The sugar man was an inspiration. In his mid-80s he would walk on the steeply slanted roof of his huge house on Prytania Street to fix stuff.
He and his wife lived next door to me in Uptown New Orleans. They were both skinny and kind.
Since this was the late 1970s, they would have been born in the mid-1890s, the Victorian Age. I moved from Prytania to Canal Street in 1980, and I never saw them again, but I still had his car, a 1965 Cadillac Coup de Ville.
Though he would walk on a steep, high roof, he had reached the point where driving was unwise, or perhaps the police had told him so. He offered me his car for $500. It had some rust spots, but it was in fair shape, so I bought it.
The old couple had spent their working lives in the Caribbean. The man was a retired sugar engineer, the only sugar engineer I’ve ever known or even heard of. He oversaw sugar plantations, I imagine. I never got the details.
They were good people, and he climbed on roofs.
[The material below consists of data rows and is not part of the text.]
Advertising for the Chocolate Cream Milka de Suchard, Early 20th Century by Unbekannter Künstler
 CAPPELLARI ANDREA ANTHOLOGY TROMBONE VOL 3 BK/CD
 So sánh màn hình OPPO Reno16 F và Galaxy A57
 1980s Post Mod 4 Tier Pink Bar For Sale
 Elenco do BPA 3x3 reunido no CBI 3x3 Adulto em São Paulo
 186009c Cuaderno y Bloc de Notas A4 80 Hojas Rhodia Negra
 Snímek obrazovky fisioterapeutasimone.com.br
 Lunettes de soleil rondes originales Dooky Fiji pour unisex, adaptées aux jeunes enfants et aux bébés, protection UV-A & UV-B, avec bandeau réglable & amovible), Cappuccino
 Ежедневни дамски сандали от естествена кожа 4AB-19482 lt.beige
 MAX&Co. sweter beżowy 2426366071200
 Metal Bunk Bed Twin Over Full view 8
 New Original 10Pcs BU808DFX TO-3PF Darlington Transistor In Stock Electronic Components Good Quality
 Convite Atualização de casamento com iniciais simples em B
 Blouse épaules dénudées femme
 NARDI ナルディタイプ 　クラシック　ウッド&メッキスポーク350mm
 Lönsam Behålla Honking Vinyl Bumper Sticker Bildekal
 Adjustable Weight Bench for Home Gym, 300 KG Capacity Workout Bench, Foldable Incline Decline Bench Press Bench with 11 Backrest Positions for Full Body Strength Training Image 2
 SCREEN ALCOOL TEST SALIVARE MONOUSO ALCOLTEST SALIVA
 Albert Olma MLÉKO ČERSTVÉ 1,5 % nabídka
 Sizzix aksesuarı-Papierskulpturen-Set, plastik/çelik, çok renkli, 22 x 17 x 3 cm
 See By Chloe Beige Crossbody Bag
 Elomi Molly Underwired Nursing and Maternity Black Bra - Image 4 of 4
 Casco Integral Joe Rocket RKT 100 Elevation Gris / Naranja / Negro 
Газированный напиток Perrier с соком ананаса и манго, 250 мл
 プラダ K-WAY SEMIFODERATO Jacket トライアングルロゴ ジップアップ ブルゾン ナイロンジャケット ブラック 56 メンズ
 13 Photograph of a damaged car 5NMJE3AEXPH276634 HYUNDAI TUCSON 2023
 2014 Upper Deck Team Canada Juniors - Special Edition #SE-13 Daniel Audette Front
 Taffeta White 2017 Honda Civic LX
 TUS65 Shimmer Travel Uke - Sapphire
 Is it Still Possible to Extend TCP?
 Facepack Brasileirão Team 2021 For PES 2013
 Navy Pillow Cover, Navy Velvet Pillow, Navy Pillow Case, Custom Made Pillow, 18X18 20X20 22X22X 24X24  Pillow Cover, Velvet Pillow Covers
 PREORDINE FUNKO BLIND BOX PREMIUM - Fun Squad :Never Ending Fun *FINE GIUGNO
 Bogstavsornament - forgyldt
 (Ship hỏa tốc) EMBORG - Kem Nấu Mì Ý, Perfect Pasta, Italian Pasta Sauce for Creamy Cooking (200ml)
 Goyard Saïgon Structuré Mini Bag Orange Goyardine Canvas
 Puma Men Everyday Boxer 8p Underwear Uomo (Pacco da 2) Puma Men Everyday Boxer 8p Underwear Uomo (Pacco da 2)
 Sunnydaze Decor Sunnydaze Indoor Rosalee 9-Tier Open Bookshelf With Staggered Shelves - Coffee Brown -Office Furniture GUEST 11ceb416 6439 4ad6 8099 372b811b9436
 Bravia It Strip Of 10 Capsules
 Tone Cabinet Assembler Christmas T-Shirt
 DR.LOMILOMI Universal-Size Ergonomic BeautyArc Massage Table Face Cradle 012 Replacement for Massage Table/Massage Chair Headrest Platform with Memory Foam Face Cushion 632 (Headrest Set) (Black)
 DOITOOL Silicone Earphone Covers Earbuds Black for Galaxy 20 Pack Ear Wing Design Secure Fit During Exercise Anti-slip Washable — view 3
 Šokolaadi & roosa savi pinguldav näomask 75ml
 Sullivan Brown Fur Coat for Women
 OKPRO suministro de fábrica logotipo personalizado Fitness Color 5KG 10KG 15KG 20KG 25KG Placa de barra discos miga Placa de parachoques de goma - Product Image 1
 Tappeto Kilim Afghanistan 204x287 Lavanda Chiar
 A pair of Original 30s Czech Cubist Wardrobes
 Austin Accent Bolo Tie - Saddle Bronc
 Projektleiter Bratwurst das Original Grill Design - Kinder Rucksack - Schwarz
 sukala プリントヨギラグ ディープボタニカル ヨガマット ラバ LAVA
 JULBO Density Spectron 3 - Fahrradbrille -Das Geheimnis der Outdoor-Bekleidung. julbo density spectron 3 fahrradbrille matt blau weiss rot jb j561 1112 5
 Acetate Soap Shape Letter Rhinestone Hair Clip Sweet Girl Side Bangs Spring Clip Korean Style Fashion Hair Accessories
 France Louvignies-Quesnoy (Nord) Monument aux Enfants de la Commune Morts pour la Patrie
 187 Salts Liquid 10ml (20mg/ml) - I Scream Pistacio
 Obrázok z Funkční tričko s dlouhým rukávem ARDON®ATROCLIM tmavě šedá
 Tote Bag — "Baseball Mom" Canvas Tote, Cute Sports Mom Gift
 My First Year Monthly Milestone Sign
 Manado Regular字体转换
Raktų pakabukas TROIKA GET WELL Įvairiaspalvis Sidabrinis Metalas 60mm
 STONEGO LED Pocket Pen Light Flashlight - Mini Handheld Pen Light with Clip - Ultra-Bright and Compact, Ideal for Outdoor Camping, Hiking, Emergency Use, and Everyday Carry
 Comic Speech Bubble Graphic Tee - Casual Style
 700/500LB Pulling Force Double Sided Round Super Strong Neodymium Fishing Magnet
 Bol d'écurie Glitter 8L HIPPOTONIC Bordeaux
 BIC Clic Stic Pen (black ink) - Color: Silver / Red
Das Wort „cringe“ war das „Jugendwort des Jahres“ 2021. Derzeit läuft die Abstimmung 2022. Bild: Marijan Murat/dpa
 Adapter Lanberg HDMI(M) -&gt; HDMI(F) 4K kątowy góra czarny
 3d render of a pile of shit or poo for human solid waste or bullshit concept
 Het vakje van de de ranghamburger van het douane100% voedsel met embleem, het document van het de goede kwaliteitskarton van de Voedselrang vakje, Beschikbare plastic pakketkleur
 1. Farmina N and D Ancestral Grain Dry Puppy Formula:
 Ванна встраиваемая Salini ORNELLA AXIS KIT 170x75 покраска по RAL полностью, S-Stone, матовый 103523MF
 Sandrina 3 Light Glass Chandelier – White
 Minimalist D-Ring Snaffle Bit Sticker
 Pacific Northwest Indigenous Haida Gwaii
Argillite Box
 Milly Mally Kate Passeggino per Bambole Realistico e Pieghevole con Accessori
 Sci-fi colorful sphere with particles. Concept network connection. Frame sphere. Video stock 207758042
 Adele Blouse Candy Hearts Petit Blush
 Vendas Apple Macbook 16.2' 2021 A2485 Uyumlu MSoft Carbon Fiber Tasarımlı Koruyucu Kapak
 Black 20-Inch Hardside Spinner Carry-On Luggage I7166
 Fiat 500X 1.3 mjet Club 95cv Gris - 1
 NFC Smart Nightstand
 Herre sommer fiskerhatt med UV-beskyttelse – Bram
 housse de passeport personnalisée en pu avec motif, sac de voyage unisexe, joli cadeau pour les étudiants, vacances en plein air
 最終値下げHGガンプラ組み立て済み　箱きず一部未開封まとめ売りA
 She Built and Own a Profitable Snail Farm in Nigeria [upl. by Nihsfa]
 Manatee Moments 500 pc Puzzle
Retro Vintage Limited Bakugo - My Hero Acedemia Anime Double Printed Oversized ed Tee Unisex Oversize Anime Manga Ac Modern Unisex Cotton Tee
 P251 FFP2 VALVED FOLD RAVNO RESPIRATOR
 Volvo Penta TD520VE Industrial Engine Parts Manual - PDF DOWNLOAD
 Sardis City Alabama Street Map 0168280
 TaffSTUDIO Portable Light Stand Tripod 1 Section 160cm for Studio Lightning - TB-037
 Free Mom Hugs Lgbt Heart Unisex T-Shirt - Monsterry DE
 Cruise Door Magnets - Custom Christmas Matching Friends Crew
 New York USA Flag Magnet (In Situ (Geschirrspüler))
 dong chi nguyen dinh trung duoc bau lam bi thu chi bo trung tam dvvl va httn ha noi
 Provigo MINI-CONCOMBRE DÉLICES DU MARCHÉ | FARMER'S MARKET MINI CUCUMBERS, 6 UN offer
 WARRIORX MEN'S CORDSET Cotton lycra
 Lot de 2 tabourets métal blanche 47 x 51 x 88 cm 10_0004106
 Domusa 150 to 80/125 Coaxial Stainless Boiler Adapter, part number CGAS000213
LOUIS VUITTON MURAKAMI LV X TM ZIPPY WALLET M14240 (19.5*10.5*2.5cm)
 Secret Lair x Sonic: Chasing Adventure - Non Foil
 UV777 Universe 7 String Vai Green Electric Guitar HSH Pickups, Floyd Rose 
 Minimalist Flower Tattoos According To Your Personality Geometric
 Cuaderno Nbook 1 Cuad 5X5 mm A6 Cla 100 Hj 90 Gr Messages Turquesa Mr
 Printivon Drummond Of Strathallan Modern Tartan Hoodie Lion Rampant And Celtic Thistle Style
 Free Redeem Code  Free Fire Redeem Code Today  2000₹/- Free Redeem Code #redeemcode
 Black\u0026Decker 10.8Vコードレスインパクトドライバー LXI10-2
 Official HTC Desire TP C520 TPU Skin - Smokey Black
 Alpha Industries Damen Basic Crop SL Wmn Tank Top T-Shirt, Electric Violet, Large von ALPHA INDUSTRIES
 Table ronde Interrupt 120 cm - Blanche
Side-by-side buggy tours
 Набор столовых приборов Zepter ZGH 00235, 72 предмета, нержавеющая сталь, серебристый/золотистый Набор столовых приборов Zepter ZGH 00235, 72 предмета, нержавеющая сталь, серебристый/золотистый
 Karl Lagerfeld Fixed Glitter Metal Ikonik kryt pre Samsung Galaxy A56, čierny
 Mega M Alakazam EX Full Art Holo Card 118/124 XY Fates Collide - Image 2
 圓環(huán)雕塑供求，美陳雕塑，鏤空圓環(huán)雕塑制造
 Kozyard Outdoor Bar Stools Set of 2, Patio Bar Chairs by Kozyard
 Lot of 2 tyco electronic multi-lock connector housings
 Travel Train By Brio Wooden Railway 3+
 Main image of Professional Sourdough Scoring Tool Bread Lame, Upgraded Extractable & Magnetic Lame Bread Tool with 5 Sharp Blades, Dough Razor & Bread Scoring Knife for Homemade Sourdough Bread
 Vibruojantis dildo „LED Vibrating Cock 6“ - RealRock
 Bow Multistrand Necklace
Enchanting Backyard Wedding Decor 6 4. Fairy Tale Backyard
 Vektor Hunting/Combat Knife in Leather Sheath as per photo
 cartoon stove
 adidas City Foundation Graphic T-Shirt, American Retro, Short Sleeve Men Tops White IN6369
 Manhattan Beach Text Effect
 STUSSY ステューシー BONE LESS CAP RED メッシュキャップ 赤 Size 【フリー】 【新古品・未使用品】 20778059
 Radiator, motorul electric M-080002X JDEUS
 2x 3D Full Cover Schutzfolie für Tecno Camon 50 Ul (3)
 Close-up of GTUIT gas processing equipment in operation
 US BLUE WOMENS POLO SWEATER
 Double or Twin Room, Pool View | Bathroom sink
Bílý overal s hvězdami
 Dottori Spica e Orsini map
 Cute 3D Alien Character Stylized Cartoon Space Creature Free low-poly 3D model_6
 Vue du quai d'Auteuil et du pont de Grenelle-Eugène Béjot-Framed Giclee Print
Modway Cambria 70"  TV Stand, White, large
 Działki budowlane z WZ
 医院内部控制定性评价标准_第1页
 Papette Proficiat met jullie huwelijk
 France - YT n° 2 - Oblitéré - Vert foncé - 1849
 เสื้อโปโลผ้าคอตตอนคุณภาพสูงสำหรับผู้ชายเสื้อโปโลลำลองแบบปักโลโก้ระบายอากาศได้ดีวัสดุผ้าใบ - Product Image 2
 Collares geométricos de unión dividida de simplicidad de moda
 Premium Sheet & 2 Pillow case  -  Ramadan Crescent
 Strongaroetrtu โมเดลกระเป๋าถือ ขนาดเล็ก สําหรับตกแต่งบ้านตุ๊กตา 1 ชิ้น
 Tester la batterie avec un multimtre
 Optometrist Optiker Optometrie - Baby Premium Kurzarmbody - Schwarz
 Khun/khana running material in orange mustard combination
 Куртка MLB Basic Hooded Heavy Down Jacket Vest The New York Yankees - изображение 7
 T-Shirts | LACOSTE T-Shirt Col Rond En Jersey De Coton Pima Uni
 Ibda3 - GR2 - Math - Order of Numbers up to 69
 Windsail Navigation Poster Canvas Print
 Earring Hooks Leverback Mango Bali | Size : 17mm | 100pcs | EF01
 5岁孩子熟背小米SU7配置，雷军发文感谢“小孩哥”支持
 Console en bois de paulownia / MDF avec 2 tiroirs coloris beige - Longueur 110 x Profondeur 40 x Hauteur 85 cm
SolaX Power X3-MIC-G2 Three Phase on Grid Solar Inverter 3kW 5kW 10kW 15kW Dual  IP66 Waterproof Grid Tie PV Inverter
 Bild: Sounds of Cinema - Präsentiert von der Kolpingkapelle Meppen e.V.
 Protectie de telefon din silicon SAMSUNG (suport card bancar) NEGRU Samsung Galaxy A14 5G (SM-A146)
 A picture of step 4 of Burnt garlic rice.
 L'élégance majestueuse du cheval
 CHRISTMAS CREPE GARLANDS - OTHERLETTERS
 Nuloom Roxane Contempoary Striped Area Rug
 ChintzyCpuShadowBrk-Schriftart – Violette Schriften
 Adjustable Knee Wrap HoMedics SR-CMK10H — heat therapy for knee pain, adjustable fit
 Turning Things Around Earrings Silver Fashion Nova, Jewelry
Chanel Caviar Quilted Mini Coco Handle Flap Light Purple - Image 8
I rode the Cadillac for less than two years because serious engine problems developed, more serious than I could afford. I sold it to a mechanic. He knew what he was getting. I did not lie.
The sugar engineer and his wife are long gone now, and so is the Cadillac, which I enjoyed while it lasted. I wonder if I will be walking high, slanted roofs in 20 years. I kind of doubt it. The Hacienda roof is pretty darn flat.